Jakarta, suarapapuanews– Radikalisme adalah paham yang sangat berbahaya karena mempengaruhi siapa saja, termasuk pegawai Pemerintah. Status mereka sebagai abdi negara harus mencerminkan kesetiaan pada negara sehingga tidak boleh bersinggungan dengan radikalisme.
Posisi sebagai pegawai pemerintah adalah impian banyak orang karena merupakan bagian dari pengabdian kepada negara. Tak heran tiap tahun banyak yang mendaftar saat ada pembukaan lowongan CPNS (calon pegawai negeri sipil). Pegawai pemerintah adalah pekerjaan penuh prestise.
Posisi sebagai pegawai pemerintah juga amat riskan karena penuh dengan godaan. Bukan hanya godaan untuk melakukan korupsi, tetapi juga pengaruh dari kelompok radikal. Jangan sampai seorang pegawai pemerintah malah jadi simpatisan kelompok radikal apalagi jadi pengurusnya, karena sama saja dengan jadi penghianat negara.
Rumadi Ahmad, Dosen UIN Syarif Hidayatullah Jakarta menyatakan bahwa untuk mencegah radikalisme di kalangan pegawai pemerintah maka pertama-tama harus melakukan seleksi ketat sejak awal. Dalam artian, ketika pembukaan CPNS maka jangan hanya dilihat dari nilai tesnya dan biodatanya tetapi juga ada seleksi khusus untuk membuktikan bahwa calon pegawai tersebut bebas radikalisme.

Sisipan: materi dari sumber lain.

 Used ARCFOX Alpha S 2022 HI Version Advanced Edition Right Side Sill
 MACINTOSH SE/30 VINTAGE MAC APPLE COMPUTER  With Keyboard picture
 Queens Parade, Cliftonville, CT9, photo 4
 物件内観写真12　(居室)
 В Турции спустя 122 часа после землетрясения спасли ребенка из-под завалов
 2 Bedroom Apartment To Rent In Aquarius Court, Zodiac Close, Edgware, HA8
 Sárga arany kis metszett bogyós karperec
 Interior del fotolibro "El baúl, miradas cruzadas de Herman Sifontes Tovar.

Seleksi khusus untuk mengetahui bahwa seorang peserta CPNS bebas radikalisme bisa dilakukan dengan cara, pertama dengan tes dengan soal pilihan ganda. Nanti dia ditanya apa tahu tentang terorisme, siapa biang teroris di Indonesia, apakah mendukung radikalisme dan terorisme, dan lain sebagainya. Jika dia mengaku mendukung teroris maka otomatis tidak lolos CPNS.
Cara kedua adalah dengan melihat akun media sosialnya. Semua Medsos peserta CPNS mulai dari Twitter, Facebook, Instagram,dan lain sebagainya harus dilihat, apakah ia pernah membuat status mengenai radikalisme dan negara khilafah atau menyukai sebuah Fanpage yang ternyata miliki ISIS atau kelompok teroris lainnya.

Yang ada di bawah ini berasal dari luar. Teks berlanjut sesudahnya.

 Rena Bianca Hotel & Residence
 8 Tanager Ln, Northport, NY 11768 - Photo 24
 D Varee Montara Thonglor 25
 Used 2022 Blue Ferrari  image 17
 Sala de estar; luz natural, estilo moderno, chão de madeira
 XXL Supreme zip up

Seleksi ketat wajib dilakukan agar seseorang yang sudah lolos CPNS benar-benar bebas radikalisme. Jangan sampai setelah diterima, ternyata baru ketahuan pernah bersimpati pada kelompok radikal. Memang bisa dikenakan teguran dan sanksi tetapi alangkah eloknya jika penyaringan CPNS dari radikalisme dilaksanakan dari awal.
Rumadi melanjutkan, untuk mencegah penyebaran radikalisme di kalangan pegawai pemerintah maka cara kedua adalah dengan pembinaan yang terkait dengan mental ideologi. Salah satunya adanya dengan mengadakan seminar rutin untuk menunjukkan bahwa ideologi radikal salah karena berseberangan dengan Pancasila. Kelompok radikal juga dianggap pemberontak karena ingin mendirikan negara khilafah.
Para pegawai pemerintah perlu diingatkan lagi tentang bahaya radikalisme, karena anggota kelompok radikal makin banyak dan mereka menyamar sebagai warga sipil biasa. Bisa jadi tetangga seorang pegawai pemerintah adalah anggota kelompok radikal, lalu berpura-pura baik. Namun kemudian diam-diam menyebarkan radikalisme dan mengadakan sesi cuci otak yang berbahaya sekali.
Pembinaan memang perlu dilakukan secara teratur karena seorang pegawai pemerintah bisa jadi sasaran empuk dari anggota kelompok radikal. Penyebabnya karena jika ia sudah jadi anggota kelompok radikal maka bisa memberikan sumbangan dana serta menyalahgunakan pangkat dan fasilitasnya di kantor. Jangan sampai hal buruk ini terjadi karena bisa menyuburkan radikalisme di Indonesia.
Pencegahan penyebaran paham radikal di kalangan pegawai pemerintah harus dilakukan sejak dini dan simultan. Jangan sampai ada abdi negara yang terperosok dalam arus radikalisme karena ia akan menjadi penghianat negara. Dengan adanya penyaringan dan pembinaan secara ketat tersebut, maka penyebaran radikalisme diharapkan diminimalisasi.